This year’s relatively mild winter may be the cause of the insects’ high population, Elkins added.
The Apple Market sits near the river bank and seems to be the designated gathering spot for the Mayflies every year. Elkins said he used to live down the hill from the gas station and would see the swarms gather at the station, where they were likely attracted to the bright lights.
They sometimes show up around other buildings as well, Elkins said, but never as bad as at the Apple Market.
“We have never had a highway issue with the mayfly infestation there at the bridge adjacent to the Shell, but there have been instances of it in other states,” Elkins said. “Two years ago, the US 52 bridge crossing the Mississippi River between Iowa and Illinois was covered by them and they had to get snowplows out to clear the bridge.”
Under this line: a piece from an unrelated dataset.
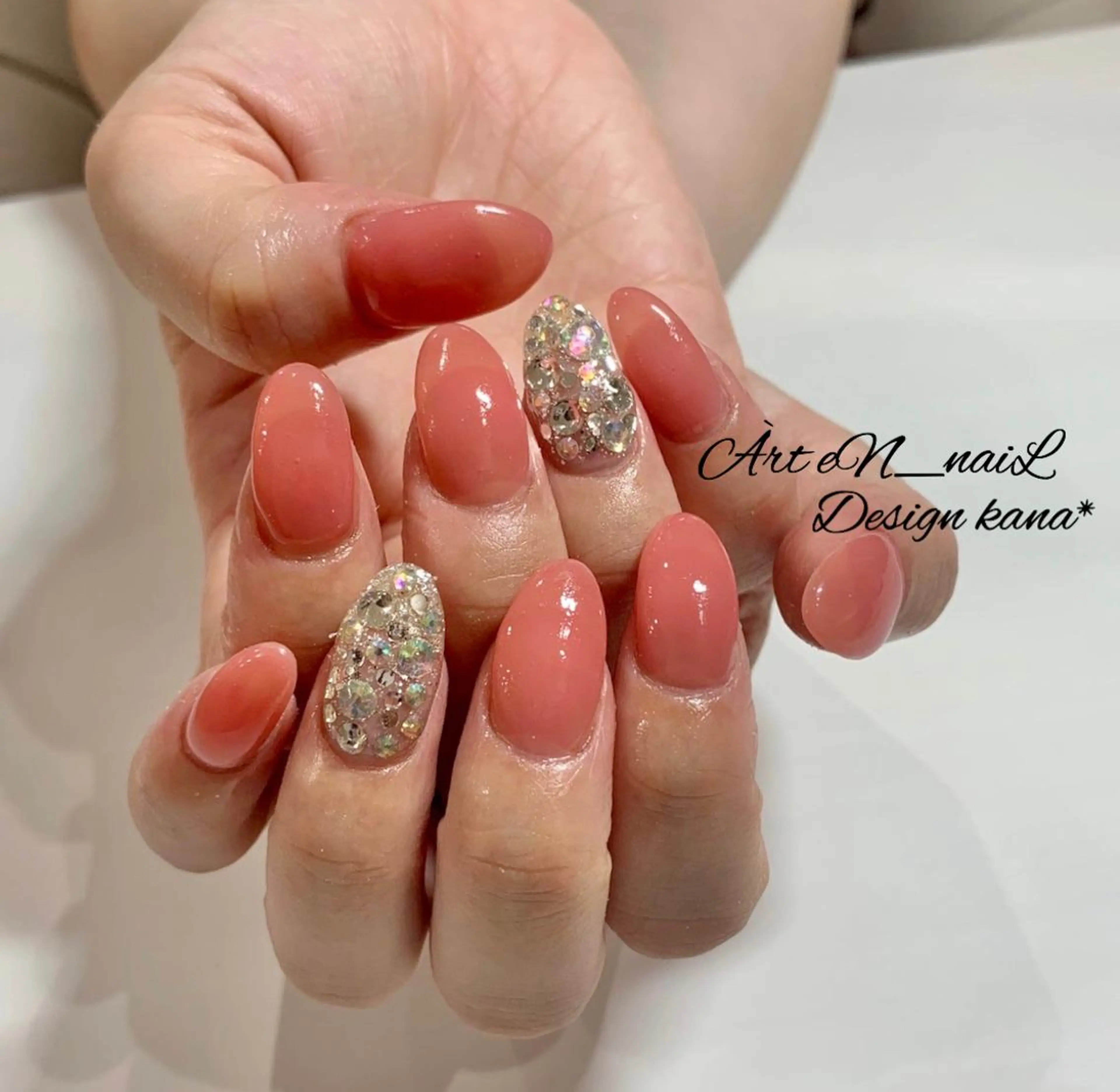 ネイル EN_NAIL 野中本店Ayakaのネイルデザイン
University of Kentucky Department of Entomology extension specialist Blake Newton said these swarms happen when conditions are “just right,” especially around lakes and rivers.
“One of the interesting things about mayflies is they don’t feed,” Newton said.
Once they hatch and emerge from the water, the adult flies typically live for a few days to mate in swarms like the one at the Apple Market before they die.
The swarms typically stay around in Beattyville for two or three days, Deaton said. Though he hasn’t returned to the Apple Market today, Deaton said others have seen the swarms.